How to verified Robot.txt rules

Question 1

Your rule Disallow: /classifieds/search*/ does not do what you want it to do.

First, note that the * character has no special meaning in the original robots.txt specification. But some parsers, like Google’s, use it as a wildcard for pattern matching. Assuming that you have this rule for those parsers only:

From your example, this rule would only block http://example.com/classifieds/search/. The three other URLs don’t have a / after search.

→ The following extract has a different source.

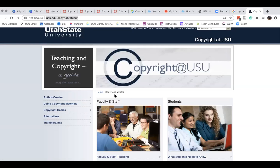Thank you. I still don't understand copyright, and I've been a librarian for a while. With copyright, if you try and demonstrate some goodwill, that seems to be a good cover.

Disallow: /classifieds/search
→ blocks all URLs whose paths start with /classifieds/search
Disallow: /classifieds/search/
→ blocks all URLs whose paths start with /classifieds/search/
Disallow: /classifieds/search*/
→ for parsers following the original spec: blocks all URLs whose paths start with /classifieds/search*/
→ for parsers that use * as wildcard: blocks all URLs whose paths start with /classifieds/search, followed by anything, followed by /

For blocking the four example URLs, simply use the following:

User-agent: *
Disallow: /classifieds/search

This will block, for example:

http://example.com/classifieds/search?filter=4
http://example.com/classifieds/search/
http://example.com/classifieds/search/foo
http://example.com/classifieds/search
http://example.com/classifieds/search.html
http://example.com/classifieds/searching

Question 2

The problem with using a robots.txt is that it cannot block anything per se, but rather ask the webcrawler nicely not to crawl certain areas of your site.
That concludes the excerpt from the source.